Based on what you describe, here is my approach:
import csv
import os
SOURCE_ROOT = 'train'
DEST_ROOT = 'train2'
with open('labels.csv') as infile:
next(infile) # Skip the header row
reader = csv.reader(infile)
seen = set()
for dogid, breed in reader:
# Create a new directory if needed
if breed not in seen:
os.mkdir(os.path.join(DEST_ROOT, breed))
seen.add(breed)
src = os.path.join(SOURCE_ROOT, dogid + '.jpg')

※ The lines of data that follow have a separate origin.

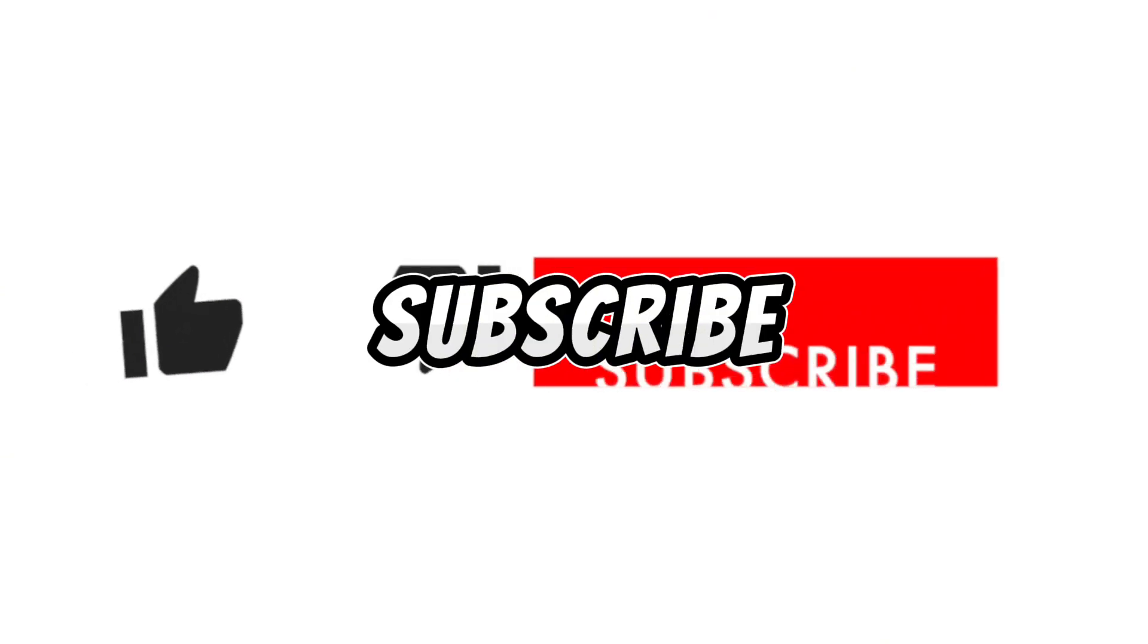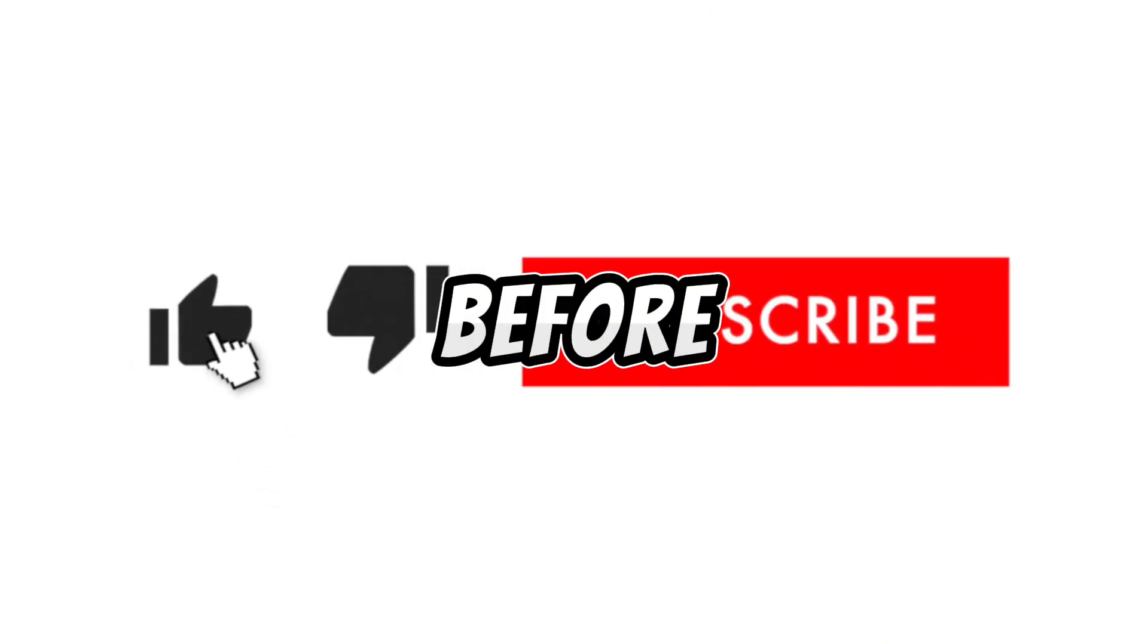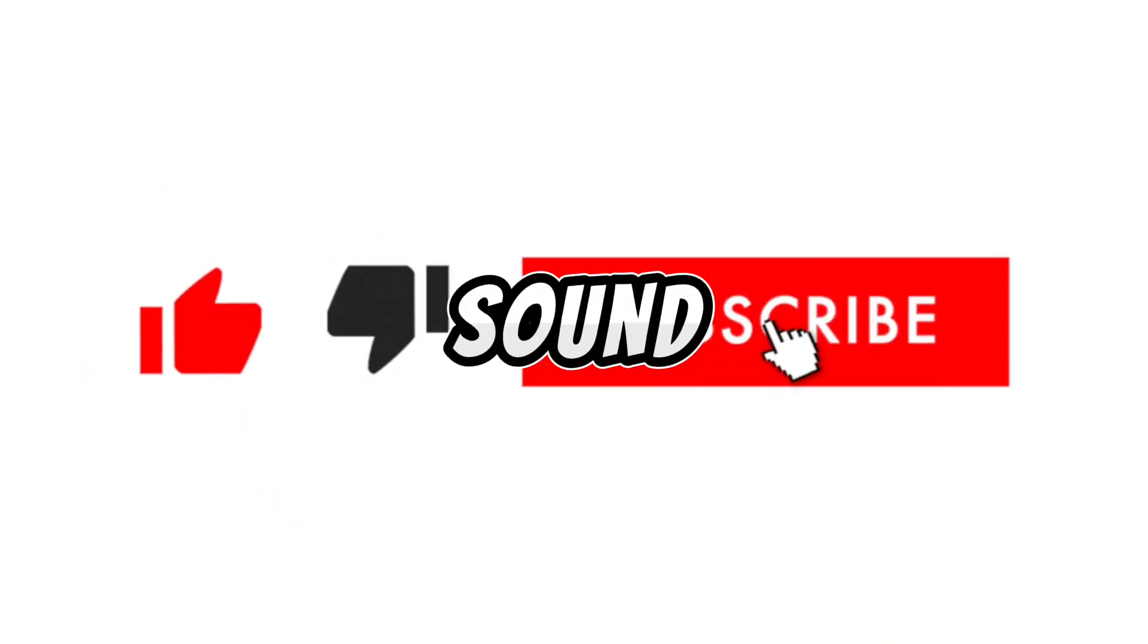Only some fast people can like and subscribe before I play that sound. Sound playing in 3, 2, 1.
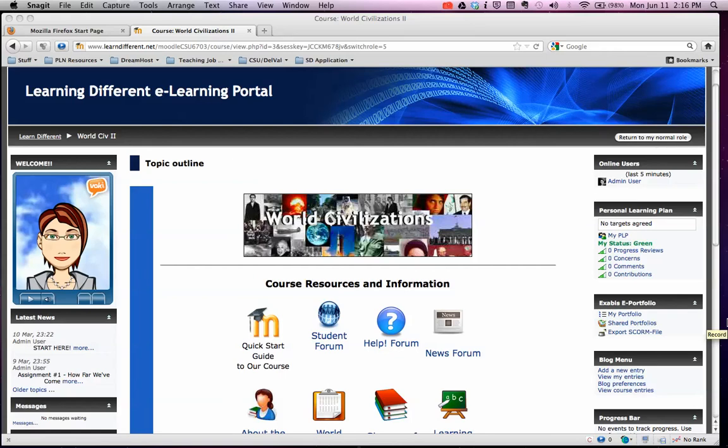Welcome to the quick start guide to our course. We will be learning how to use this course in social studies class, but I figured most of you would like to just look around a little bit before we get really into it in class. This is on what's called Moodle, and I created it because it is easy to use.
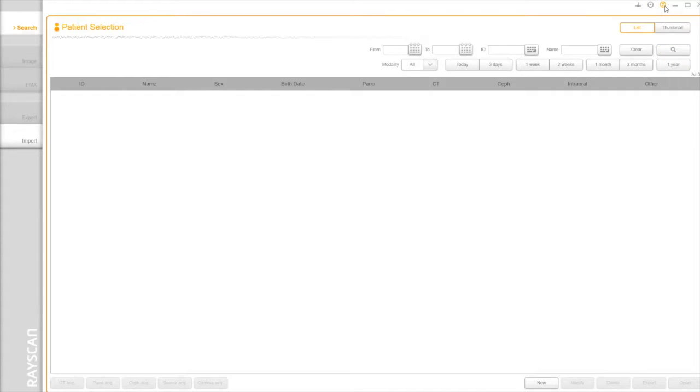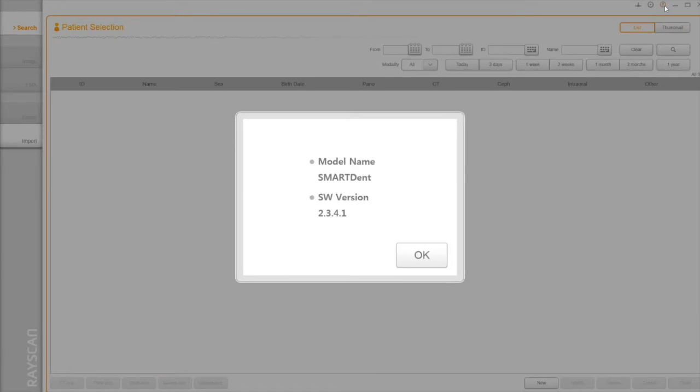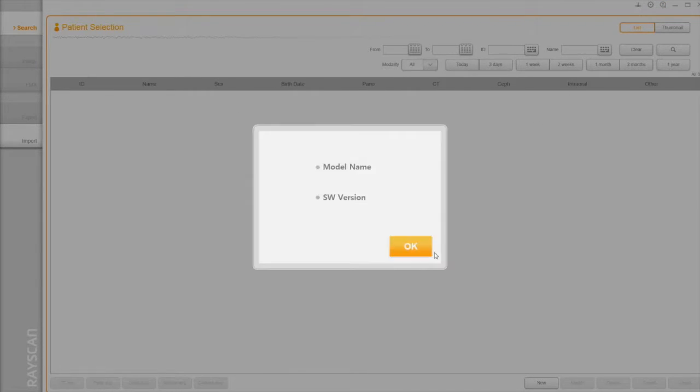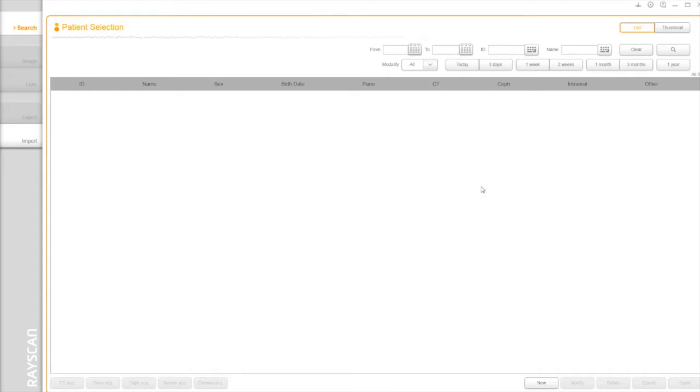To check the version of software, click the Question button. You can minimize, maximize, or close the software on the top tray.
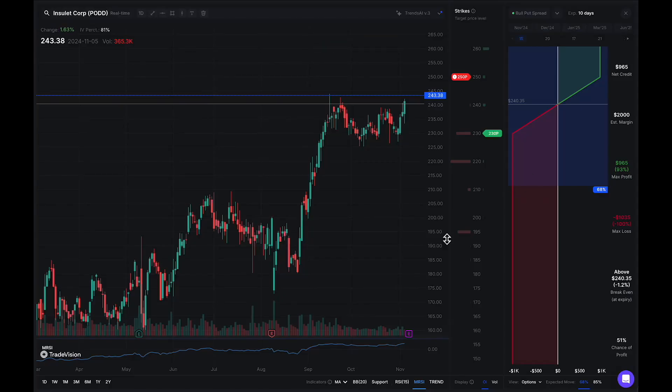Hello, everybody. Today, let's go over another Trade Vision indicator. Today's special one is going to be the MRSI.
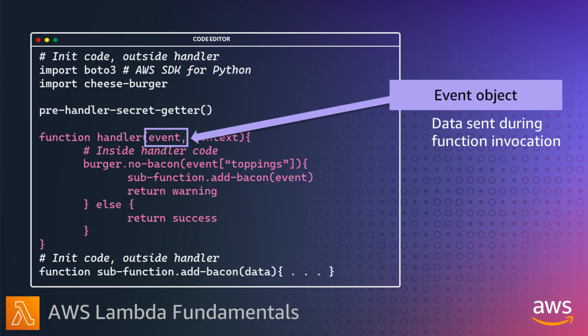An event created by S3 when a new object is created includes details about the bucket name and the new object. Your code can then use this event object to handle the requests. For example, run some custom logic and respond to the API client, or download the file from S3 to do some processing.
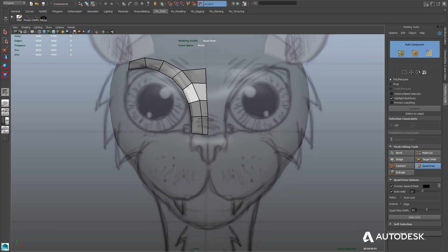Let's continue by retopologizing the mouth area using the same technique — drawing verts on the mesh by clicking to create the edge ring that will shape the cleft mouth area. Once again I'm creating the outline of each polygon, then holding down shift and dragging to create those polygons, and tweaking the verts by simply clicking and dragging. Quad Draw is pretty powerful — you can create edge rings by inserting them, extend edges or entire borders, and tweak verts, faces, or edges all in the same tool without changing.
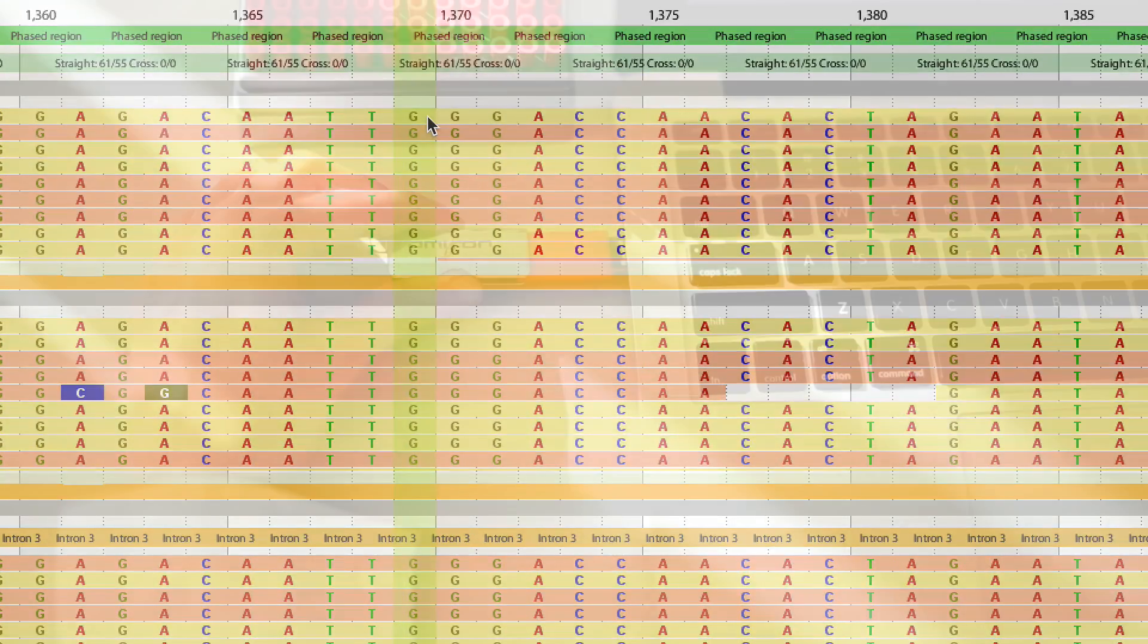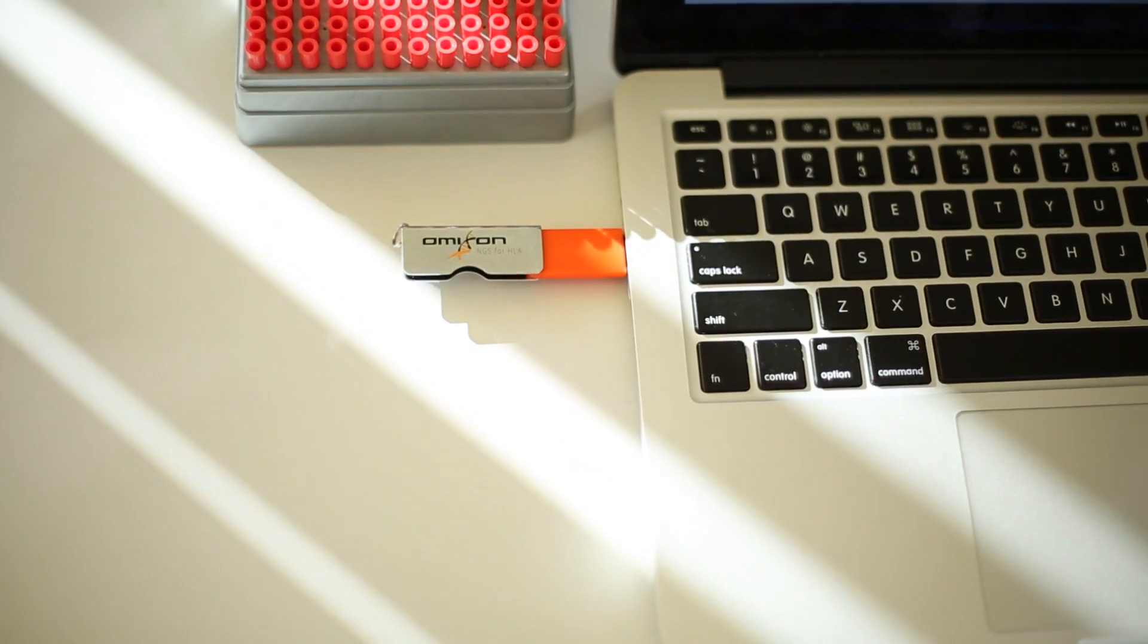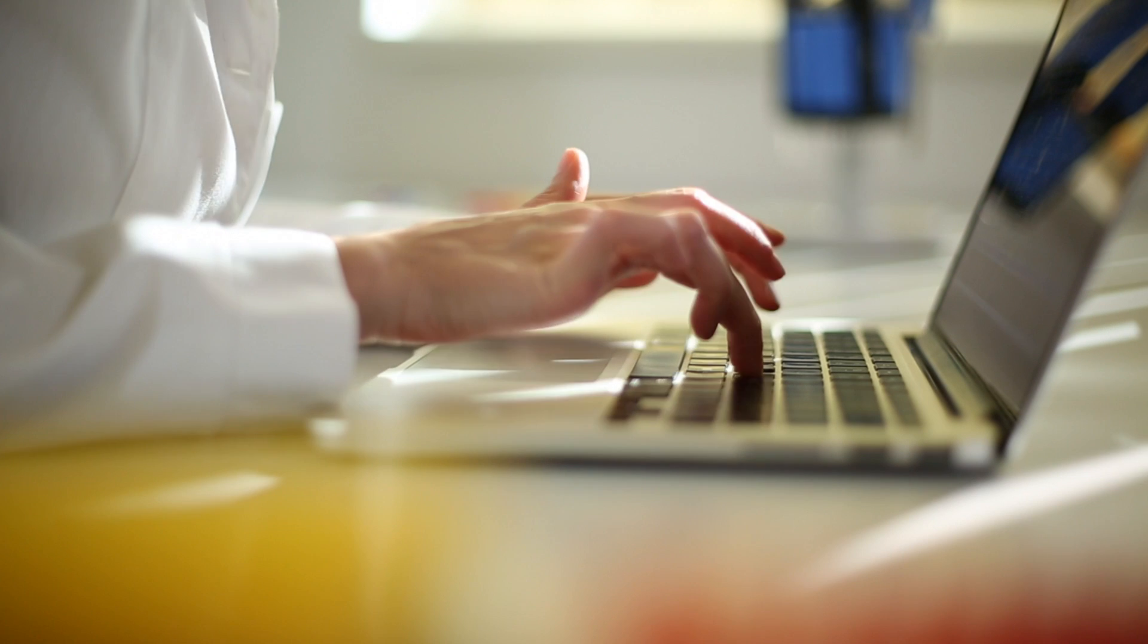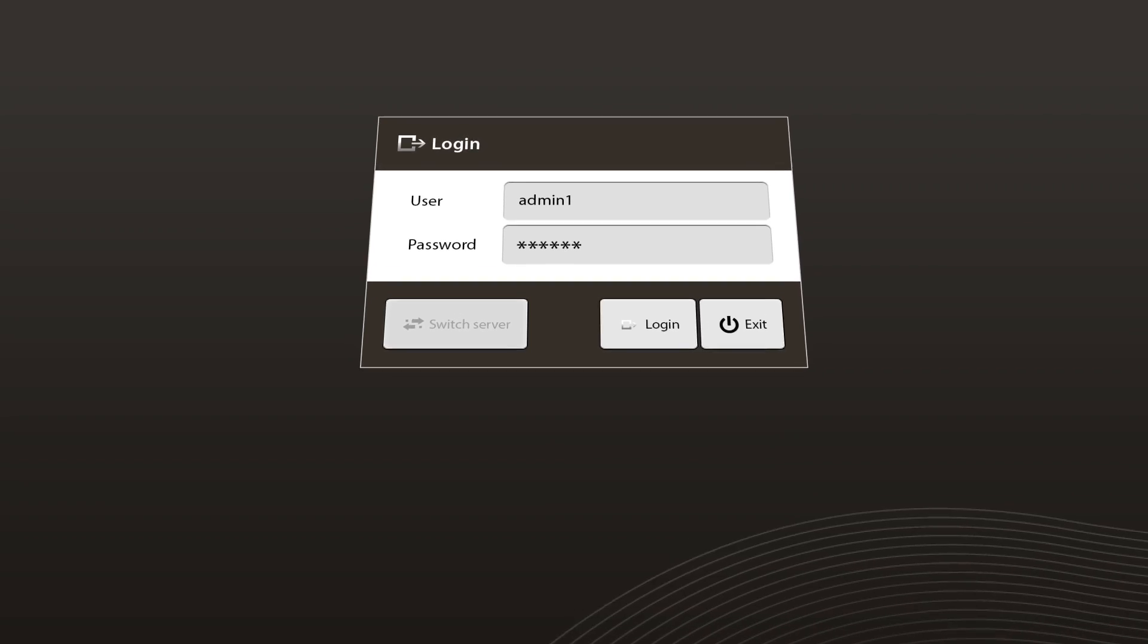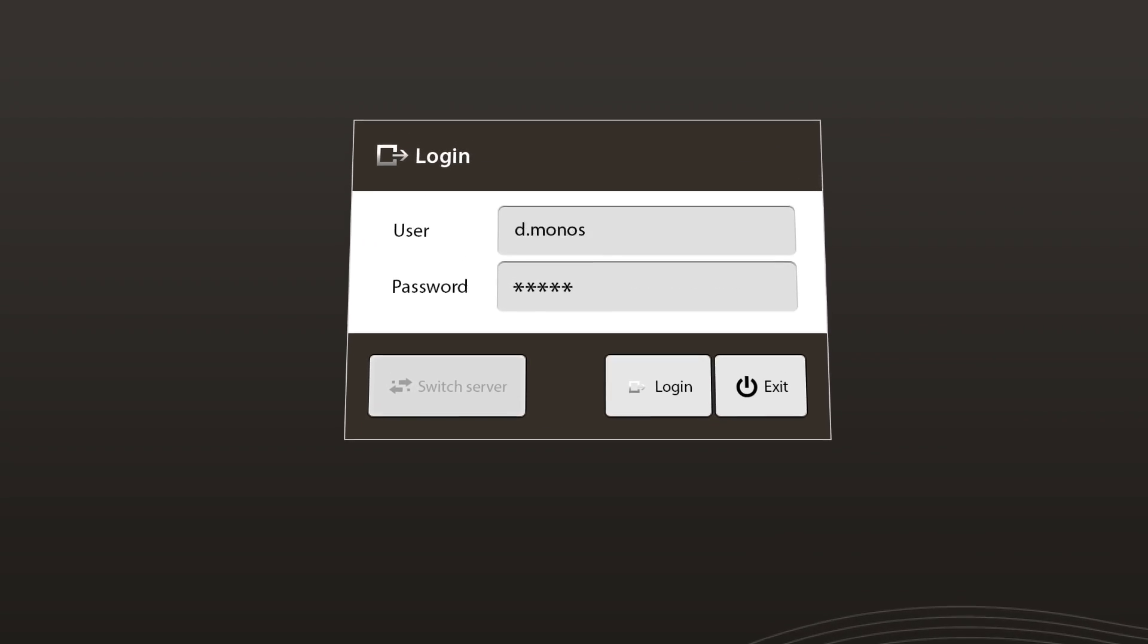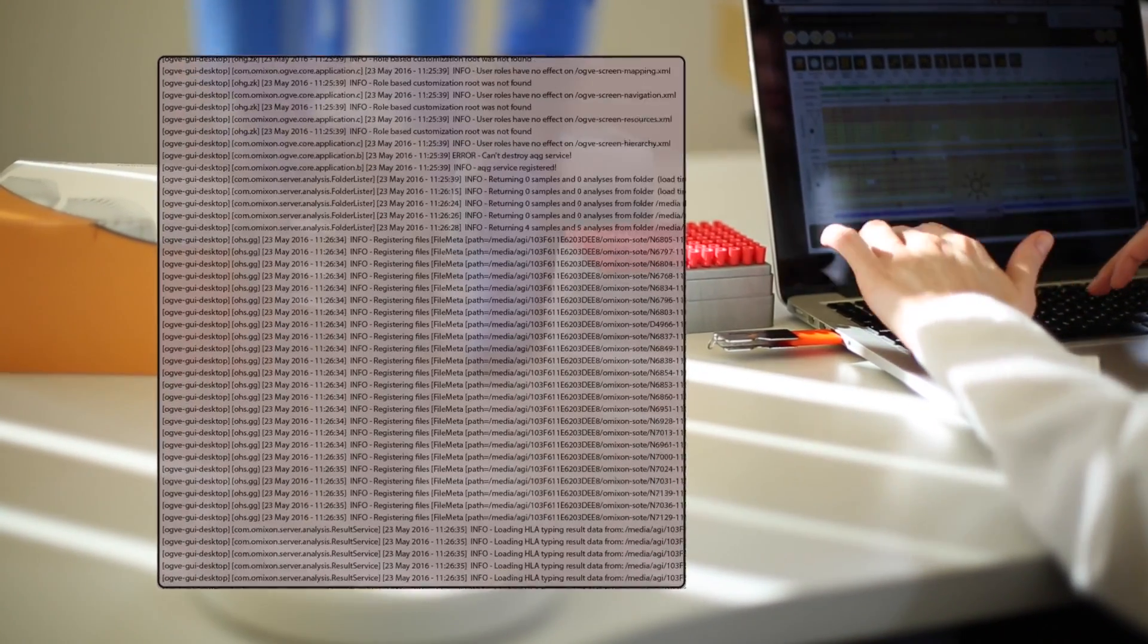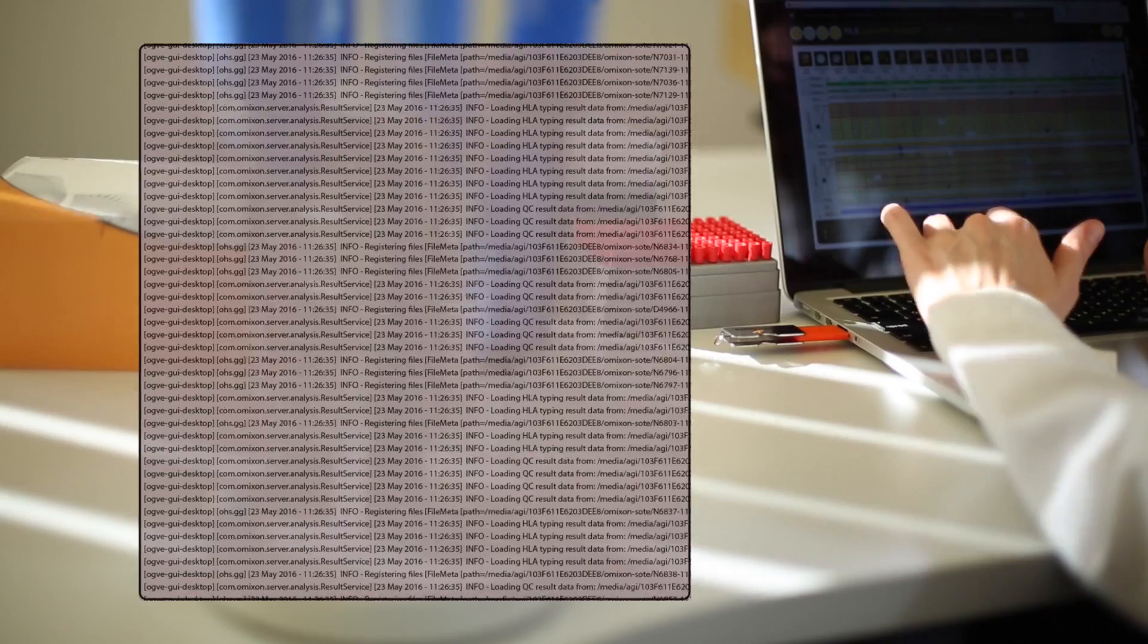To support laboratory SOPs for reviewing and accepting results, each user has their own account with different roles assigned to technicians and reviewers. All actions are tracked with a full audit trail to comply with all necessary regulatory requirements.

dest = os.path.join(DEST_ROOT, breed, dogid + '.jpg')
try:
os.rename(src, dest)
except WindowsError as e:
print e
Notes
For every line in the data file, I create the breed directory at the destination. I use the set seen to make sure that I only create each directory once.
After that, it is a trivia matter of moving files into place
One possible move error: file does not exist in the source dir. In which case, the code just prints out the error and ignore it.